Silicon-based, integrated Optical RAM enabling High-Speed Applications in Computing and Communication
[September 2011 – September 2014]

PCRL participated in the EU-funded project RAMPLAs, a cross-disciplinary project that aimed to revisit the fundamentals of optical RAM technology and to develop the first 100GHz RAM chips, fostering their effective application in ultra-fast energy-efficient computing architectures and optical communication systems. RAMPLAS followed a holistic approach and blended innovation in computer science, optical design, photonic integration and semiconductor physics. Novel epitaxial methods for the fabrication of ultrafast dilute-nitride-antimonide on GaAs (InGaAsNSb/GaAs) SOAs acting as active elements for the 100GHz optical RAM chips and being capable of uncooled operation. Heterointegration techniques on established SOI technology paved the way towards the development of densely integrated optical multi-bit RAMs and kByte capacities. The research outcomes of RAMPLAS have been evaluated in a solid proof-of-concept validation plan based both on simulations and experiments, intending to set the scene for new paradigms in Computing, Communications and Test & Measurement. PCRL’s role was to identify application scenarios of the optical RAM in the latter two fields and to evaluate the system-level performance of the RAM-chips.

Polysys

Project Overview

POLYSYS aimed to realize for the first time serial 100 Gb/s direct connectivity in rack-to-rack and chip-to-chip data communications systems. In specific, POLYSYS focused on the development of photonic and electronic components operating directly at 100 Gb/s based on electro-optic polymers enabling the best possible material compatibility with current polymer-based optical backplanes. The technical objectives of POLYSYS were achieved through the cost-effective polymer material system for realizing the electro-optic components and the utilization of InP for developing high-performance optical and optoelectronic components.

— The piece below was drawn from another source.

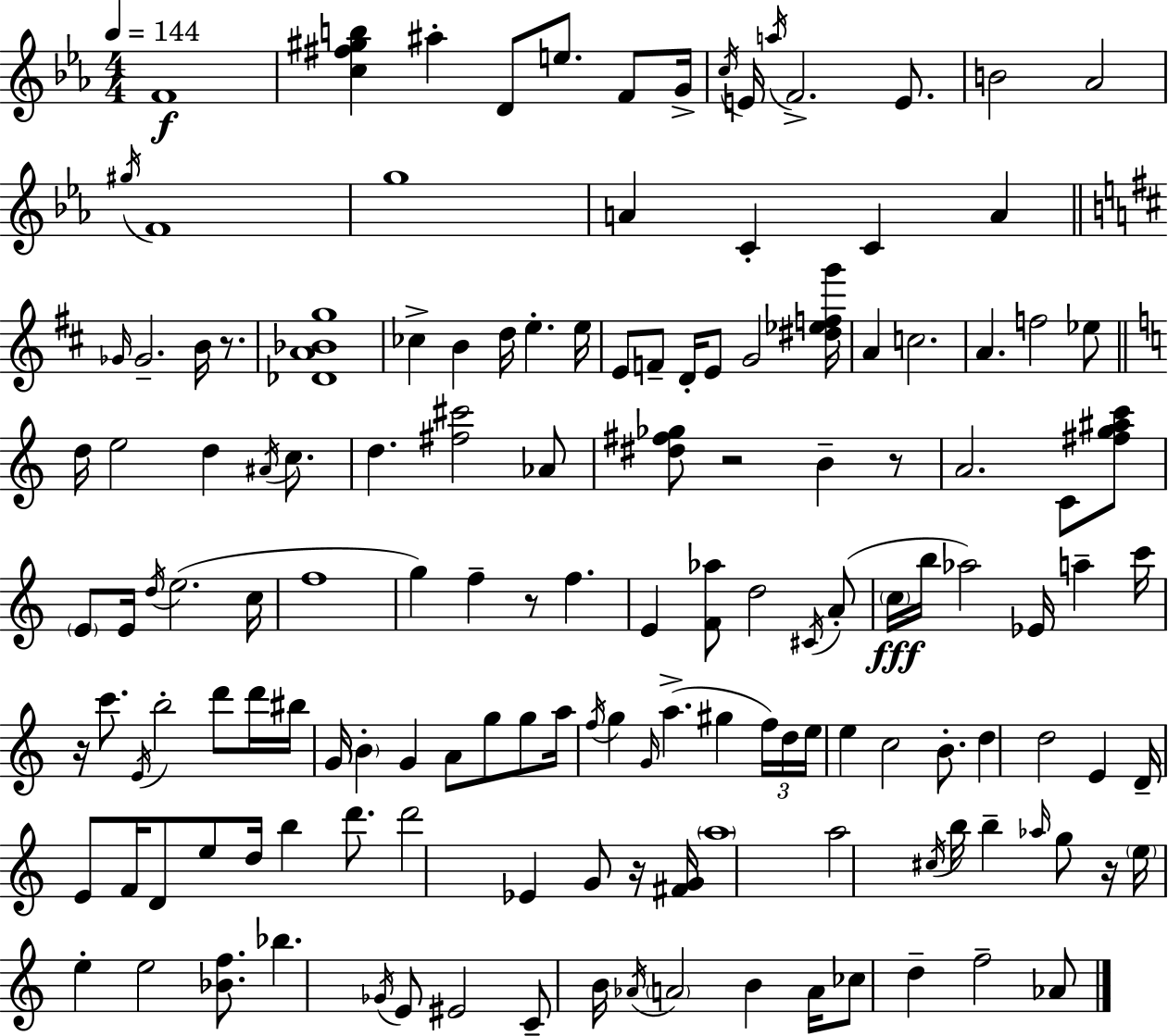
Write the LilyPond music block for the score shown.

After 40 months of development efforts it can be said that POLYSYS has been extremely successful in helping EO polymers evolve from a device specific technology into a broader purpose platform for small-scale and high-performance integrated circuits for datacom applications. Achievements to this direction include:

  • The monolithic integration of MMI couplers and tunable Bragg-gratings together with MZMs on EO polymer chips.
  • The hybrid integration of InP chips (laser diodes, gain chips, photodiodes) with EO polymer chips and the development of lasers with 17 nm tunability combining InP gain chips with monolithic Bragg-gratings.
  • The integration of EO polymer chips with InP-DHBT circuits using wire-bonds and the packaging of integrated transmitter modules.

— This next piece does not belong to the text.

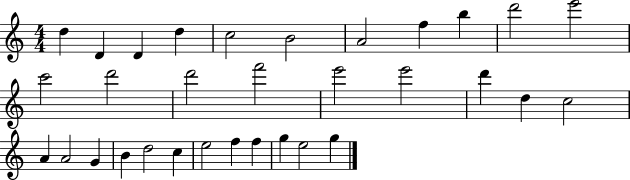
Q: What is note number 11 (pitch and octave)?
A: E6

At the same time, POLYSYS has also been extremely successful in extending the limits of InP photodetector technology and developing quad arrays of pin-photodiodes and pinTWAs with potential for 100G operation, as well as in advancing the state-of-the-art of InP-DHBT technology and developing novel MUX-DRV circuits and twin-DEMUX circuits for operation at 100 Gb/s. Through the integration of all these components, POLYSYS has impressively achieved the final packaging of six out of the seven modules that had targeted:

  • The 100 Gb/s transmitter
  • The 2×100 Gb/s transmitter
  • The tunable 100 Gb/s transmitter
  • The 100 Gb/s integrated optical interconnect
  • The 4×100 Gb/s pin-DEMUX receiver
  • The 4×100 Gb/s pinTWA-DEMUX receiver

Four of these modules (100G Tx, 2x100G Tx, tunable 100G Tx and 4x100G pin-DEMUX receiver) were successfully tested and confirmed the potential for error-free operation at 80 and 100 Gb/s and transmission over SMF links of at least 1km without dispersion compensation, whereas the testing of a fifth one (4x100G pinTWA-DEMUX) will be completed after the final review meeting.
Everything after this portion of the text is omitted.